Pierre Grand-Dufay, président du fonds d'investissement régional Tertium — Photo : D.R.

Quel regard portez-vous sur la crise que nous traversons ?

Cette crise est inédite. Elle ne ressemble à aucune autre. Pour la première fois dans son histoire, l’humanité a privilégié la santé à l’économie et le monde entier s’est confiné. Trois cents milliards d’euros de Prêt garantie par l’État (PGE) ont été distribués, le recours au chômage partiel a été élargi, il y a eu des reports et des annulations d’échéance des charges sociales et fiscales… Tout ce dispositif a permis aux entreprises de passer le cap difficile du confinement. Malgré une baisse des chiffres d’affaires, les entreprises vont finalement plutôt bien. D’autant que la chute de la croissance a permis de déstocker sans avoir à réinvestir. Mais les courbes vont s’inverser. Si la croissance revient, si les gens consomment, les entreprises vont devoir réinvestir, refaire du stock. Et c’est à ce moment-là, autour de mars 2021, que les sociétés vont devoir rembourser les prêts. Alors bien sûr, pour rembourser, il va être possible de recourir à de la dette et les banques vont proposer des taux très bas. Près de 500 000 entreprises ont obtenu un PGE. Nous avons 2 000 milliards de dette à la rentrée 2020 pour les entreprises françaises et là, nous allons encore rajouter de la dette à la dette, et freiner l’investissement. C’est très grave. Les effets de ce surendettement vont éclater au grand jour et les défaillances vont finalement plutôt survenir en sortie plutôt qu’en cœur de crise.
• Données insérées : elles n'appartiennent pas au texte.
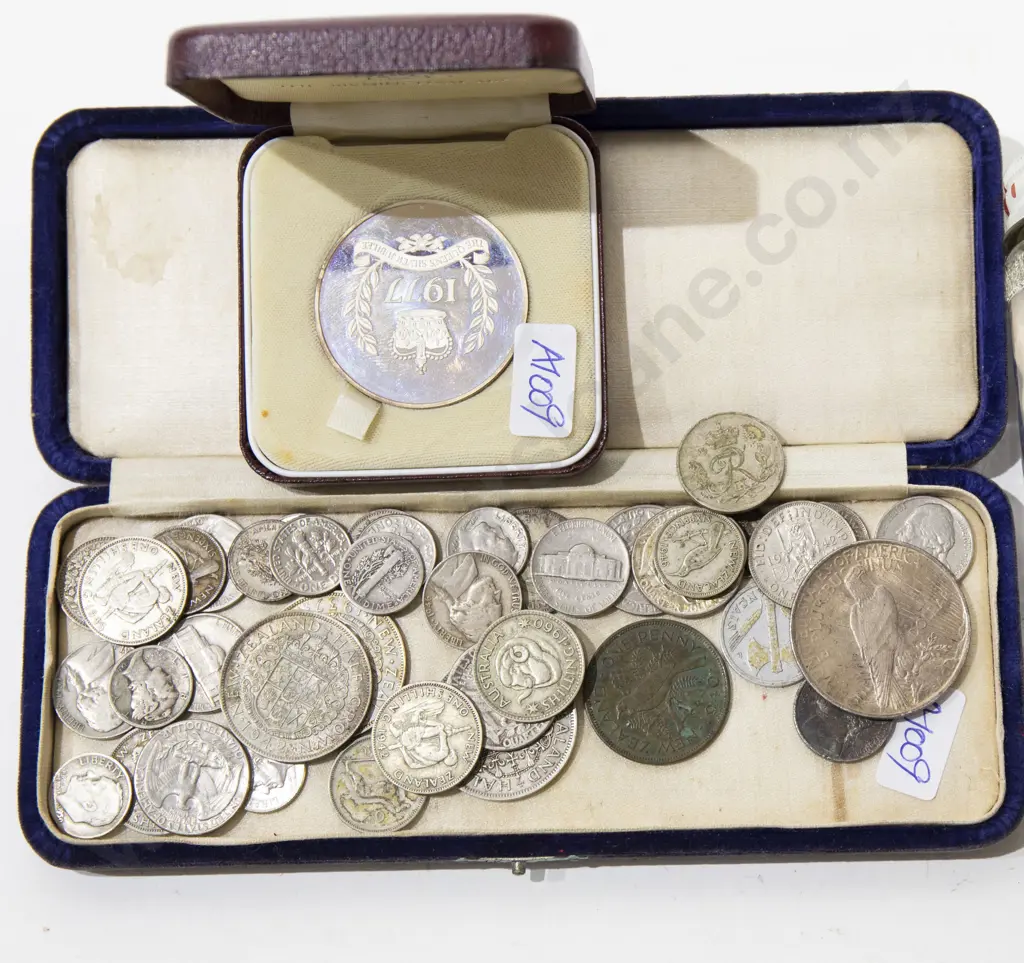 Small Qty of Mixed Silver Coinage Image 1++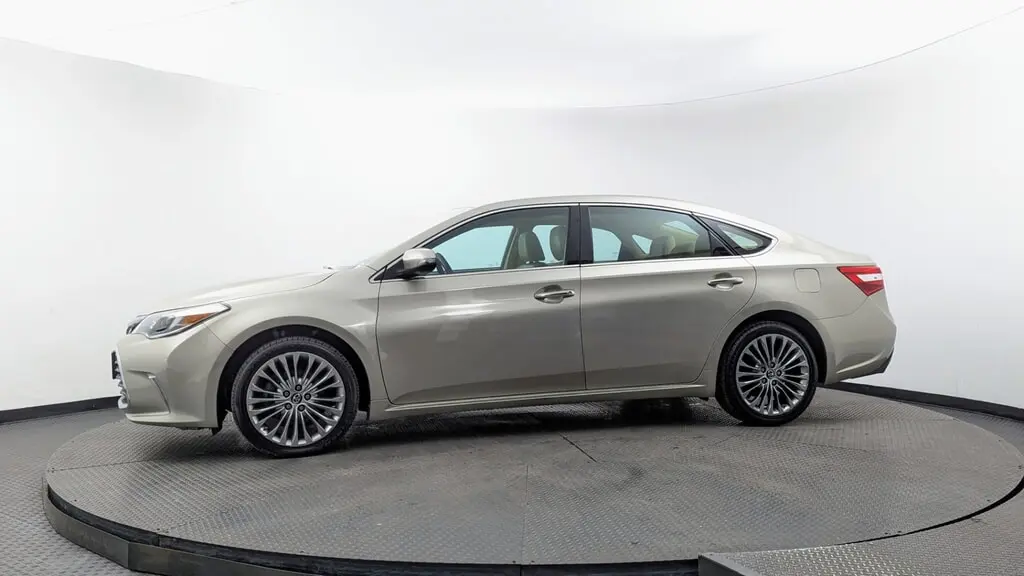 Florida Fine Cars - Used TOYOTA AVALON 2017 MIAMI XLE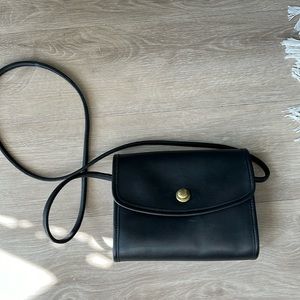 Vintage Black Coach Crossbody Purse - Black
Quelle solution alternative peut-elle être envisagée ?

La solution est simple. Il faut profiter de la crise pour ouvrir son entreprise. Elle consiste à remplacer de la dette par du capital. Ainsi, l’argent que récupère l’entreprise n’est pas dû, il n’y a rien à rembourser. Toutes les entreprises peuvent avoir accès à des fonds, quelle que soit leur taille. Même en région Sud, il existe des fonds pour tous les types d’entreprise et pour tous les stades de développement : capital amorçage, innovation, retournement… Les sociétés qui font appel à des fonds d’investissement sont bien plus performantes que les autres. Dans la situation actuelle, les entreprises ne devraient pas hésiter. Si un dirigeant cède 20 % de l’entreprise à un fonds, il peut immédiatement investir pour se relancer, sans avoir quoi que ce soit à rembourser. Fin 2019, ce sont 8 000 entreprises françaises qui comptent parmi leurs actionnaires un investisseur professionnel. Et ces entreprises ont des performances supérieures à la moyenne en termes de croissance, de rentabilité, d’employabilité et de RSE.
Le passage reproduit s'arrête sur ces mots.